Command Processor (CP)
As stated above, with the radeon the entire card can be controlled by manipulating registers.
However, if the CPU had to sit and wait for each and every register write to the Radeon to complete, the CPU would not be able to do anything else. This is where the Radeon's command processor (CP) comes in handy. It can read register/ value pairs from a ring buffer, and execute those commands while the CPU is off doing other things.
The radeon has a ring buffer which you can stuff full with a bunch of register/values which you want to write, tell the Radeon about it, and check back later to see if things have been completed. The command processor will work through the ring buffer until it has completed everything. One of the nice features is that the CPU can still add new work to the end of the ring buffer while the CP is processing things at the front of the ring buffer.
The CP is initialized in the kernel DRM module, in this file: radeon_cp.c
If DRM is directly writing all of the commands to ring buffer (called direct access), the application would need to make a system call for every register that they want to write.
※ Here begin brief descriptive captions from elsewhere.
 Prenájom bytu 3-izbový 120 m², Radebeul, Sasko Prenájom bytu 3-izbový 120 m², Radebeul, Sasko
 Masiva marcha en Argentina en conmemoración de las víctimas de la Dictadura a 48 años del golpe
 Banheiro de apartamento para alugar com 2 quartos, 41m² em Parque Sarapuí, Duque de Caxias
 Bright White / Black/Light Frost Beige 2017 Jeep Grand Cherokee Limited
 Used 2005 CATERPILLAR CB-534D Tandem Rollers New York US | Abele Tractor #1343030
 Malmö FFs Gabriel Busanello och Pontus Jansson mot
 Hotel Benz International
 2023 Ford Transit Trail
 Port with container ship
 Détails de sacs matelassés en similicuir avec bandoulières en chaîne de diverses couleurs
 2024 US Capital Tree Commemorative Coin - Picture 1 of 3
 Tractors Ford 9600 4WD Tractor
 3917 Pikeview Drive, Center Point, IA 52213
Another alternative is indirect access, where the application (or Mesa acting on its behalf) will create a list of commands in an indirect buffer, and hand that buffer to DRM. Then the DRM kernel module will issue a command to the CP which says "execute the commands in this piece of memory", (or in CP speak, "execute the commands in this indirect buffer".) That way, not only can the CPU be doing other things when the CP is running, but the creation of the list of commands for the CP can be done in user space.
Use of the CP
TODO (Head pointer, tail pointer, etc.)
Format of Messages
Memory mapping on the Radeon can make your head spin. A single location in memory can have as many as 4 different address based on where it is being accessed from:
- GART Table (physical address)
- DRM module (kernel virtual address)
- Radeon Card (bus address)
- User space app (user virtual address) This is similar to many hardware devices, and once you understand why and how it is done, things become much easier.